Then there are the comments, which range from outrage to complete agreement. The interesting aspect of the comments is the emotion that is attached to them. For nearly all people, money decisions are emotional decisions. It is tied to their self-worth in a most intricate way. How we act towards and with our money says a lot about who we are. In fact, how we manifest money may just be a reflection of how we feel about ourselves and money. Some people worry that having money will change them, when in fact it is our inner beliefs and attitudes towards money that is reflected outward by how much money we generate.
Getting back to Ramits' 3 friends, here's my thoughts. I am not opposed to spending money as I discuss in my post on Prosperity Vs Scarcity. But, I think in each of the 3 cases Ramit discusses, the friend is demonstrating a complete self-centered behavior. In my mind this is the most troubling aspect of their spending patterns. If any of them do marry, I would expect that each will spend their marriage struggling with money issues with their spouses. And if they ever deal with a true financial hardship, I would be surprised if they didn't have a huge personal crisis to go along with it. Even if you have a good financial plan, spending out of self-centered behavior does not breed a mature attitude towards money.
Now some interpretation of the comments:
- After all - we are only young once! [so lets be self-centered and spend on ourselves]
- These people are ruining the planet by spending money [I'm so holy and self-righteous]
- I agree [because I'm too undisciplined to stop spending]
- These #%&ing people all make six figures [and I'm lazy/jealous]
- I have lots of money but can't stand to spend it [I'm afraid of losing it]
- You should feel guilty about spending money [because I have none to spend and by the way how do you a make six figure income?]
None of the commenter's were at all unemotional about their money and each made an unsaid comment about who they really are. Although it may seem I am mocking these people, my intent is not to attack them, but to point out that there is underlying emotional baggage that each attaches to money.
Money is a symbol of energy and it not good nor bad, positive nor negative. It is impartial. It is only the significance that we attach to it that creates any meaning. Abundance is never a factor of how much money one has, it is a factor of how one feels about the money one has.
So before you make a savings plan, decide to spend lavishly on shoes, attack others for spending their money or blasting Walmart, it might be worthwhile to think about your attitude about money.
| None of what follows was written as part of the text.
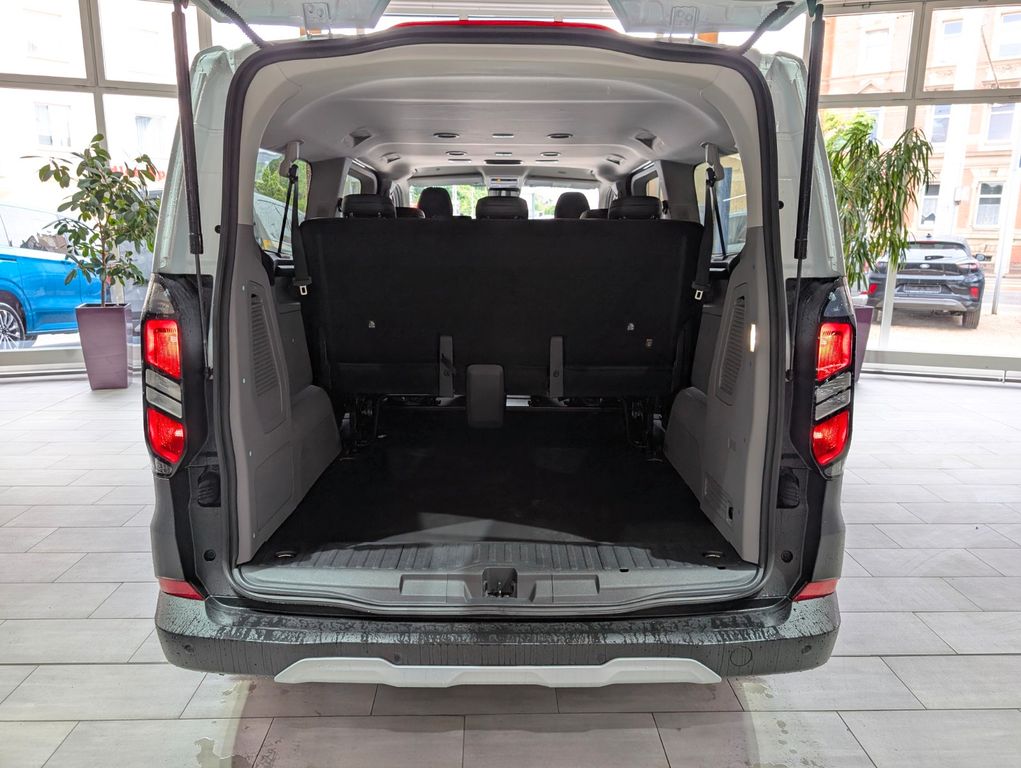 Ford Tourneo Custom 2025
- What were you taught as a child about money? That it's evil or good? That corporations are greedy or that rich people are bad? We tend to carry our early life teachings through our lives without ever examining them
- Do you have fears about not having enough or having too much money? What is the basis of these fears? Is it rational or based on some underlying emotional conflict that you haven't resolved?
- Why are you spending money? Are you trying to make yourself feel better about some other part of your life that is unfulfilled?
- Can money be used for good? Is it possible that by creating wealth you will be helping others?
There are other questions you can think of as well. Try to do some reading about money. Books by Ayn Rand, Milton Friedman (Free to Chose), Adam Smith, or Joseph Schumpeter may broaden your outlook on money. My favorite book is Unlimited Wealth by Paul Zane Pilzer.
When you truly understand yourself and really understand the role of money, then you will not be caught up in mindless spending, hoarding or jealousy about money that dominates society. Money will just be a game that you play.